My taste for tagine has all but dissipated, perhaps never to return, and I do not henna my hair or drink mate. (While I am determined to appropriate the Argentine customary greeting of ‘el beso,’ it will likely take years before this gesture is widely adopted in the US.)

Buenos Aires

Buenos Aires

Living abroad did not change my habits or career path. Rather, the effects have been more implicit and subtle but ultimately longer lasting. Above all, living abroad gave me empathy. That is, my experiences in Morocco and then Argentina solidified in me a deeper respect and empathy for anyone who is able to pick up and make a life in another country, especially one in which they don’t speak the majority language. This empathy became especially developed in Buenos Aires, where the length of the stay allowed us a taste of everyday life–from going to the grocery store or to a pub after class, my life there could have resembled that of a college student anywhere.

While living abroad can be a very rewarding and fun experience, for me it was often embarrassing, frustrating, and sometimes uneasy — even, or perhaps especially, during the simple day-to-day routine. In moments where I wanted nothing more than to blend in, I became acutely aware of my own foreignness. I’m sure this self-consciousness was the ‘tell’ to the men on the street who would holler “hey, beautiful” (though I did receive the occasional “fräulein”) or the waiters who would hand me the english menu before I even spoke a word. Most people I interacted with, from cashiers to professors to especially my homestay parents, were incredibly patient with my subpar language proficiency. Nevertheless, when someone would ask “que?” I would instantly berate myself for my lack of fluency, even if they had just misheard me. I could not help but cringe  every time I stumbled over a phrase and often avoided speaking to strangers all together.

Buenos Aires

Buenos Aires

While I could wax-poetic on the Spanish Civil War or hold a coherent discussion of García Márquez in class, I didn’t have the vocabulary to play out simple scenarios, such as ordering the right cut of meat at the butcher. On one rare occasion that my host mother let me prepare dinner, I walked into her kitchen with 8 whole chicken breasts — nearly 2 pounds per person — because I had been too embarrassed to correct myself. Once, I didn’t realize that you had to get vegetables weighed in the back of the store, causing me to be laughed out of line by the man behind me at the cashier.

These struggles seem petty — and they were. I was living abroad as a student whose only responsibility was to get myself to class (not even on time as per the Argentine norm) and not do anything illegal. I didn’t need to worry about making it through a job interview or finding a place to live. I didn’t have a family to support. I even had considerable hand-holding navigating the visa process and never had the latent fear of being ‘sin documentos.’ My stay was temporary and as hard as things got, I was to return home to familiarity.

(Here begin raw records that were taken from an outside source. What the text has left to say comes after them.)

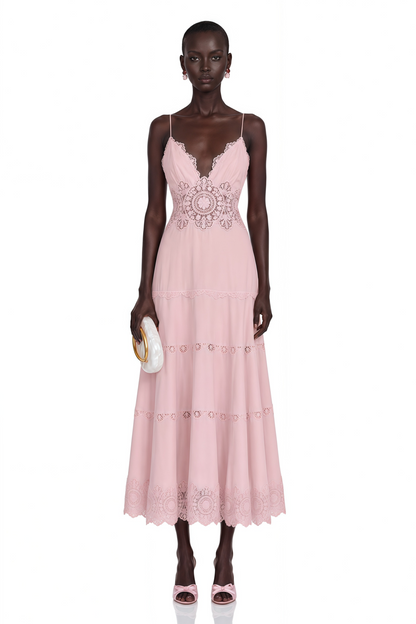 Ecrin Pink Tiered Midi Dress with Lace Panels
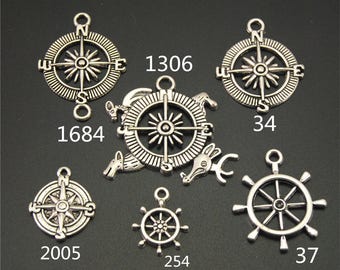 20PCS, Compass Charm, Rudder Charms, Antique Silver, Vintage Charms, Jewelry Accessories, Craft Supplies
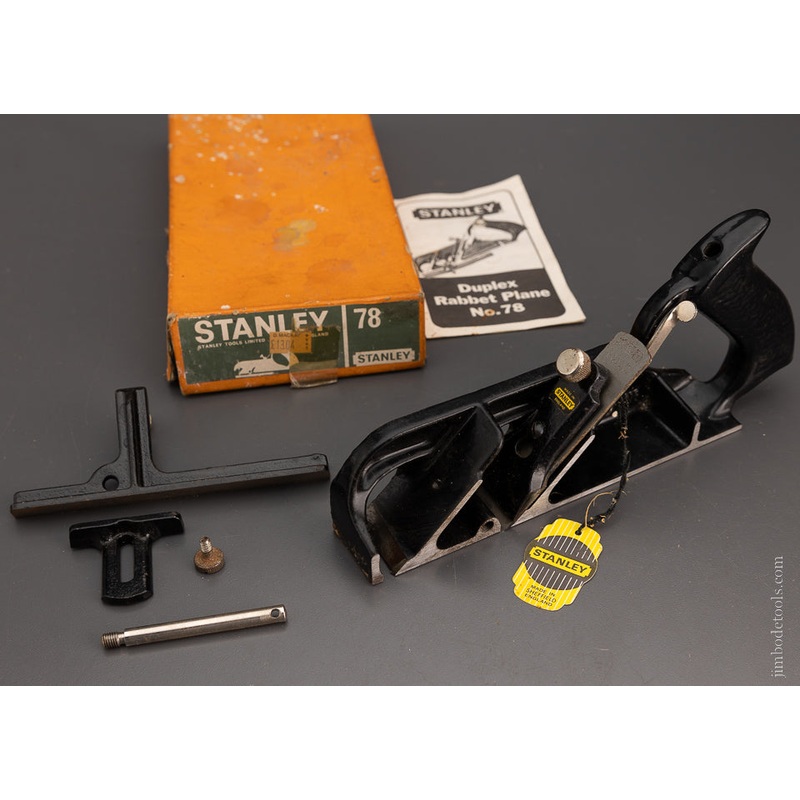 STANLEY No. 78 Rabbet Plane 100% Near Mint in Box with Tag – 104821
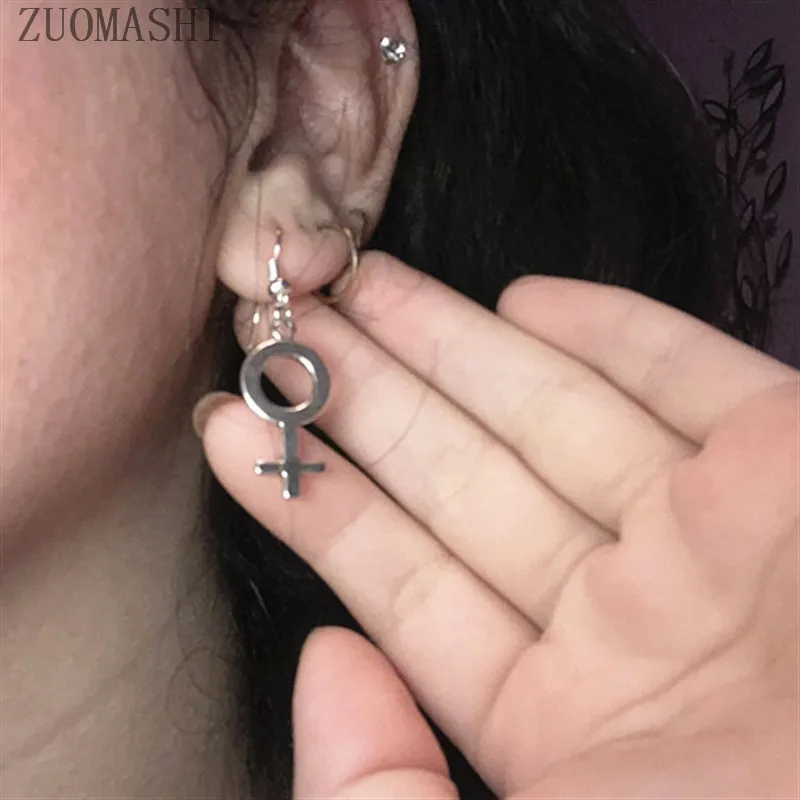 Женские серьги-подвески с символами феминистские подарки серьги Венерой женские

Eventually I chilled out. I didn’t feel so intense or embarrassed and I learned to cope, as you do with all life’s little challenges. You laugh at your blunders, you beg for forgiveness when you can’t count change quickly, you call yourself “yanqui” before anyone else can, you make your best effort and hope that people are patient and forgiving. And then, when you are back on your own turf, in your own comfort zone, you extend that same patience to others. You don’t roll your eyes at the man in the DMV who is having a hard time understanding the license process. You give ESL students enough time to collect their thoughts and interpret them. You smile. And you never assume that the ability to speak English is a metric of intelligence.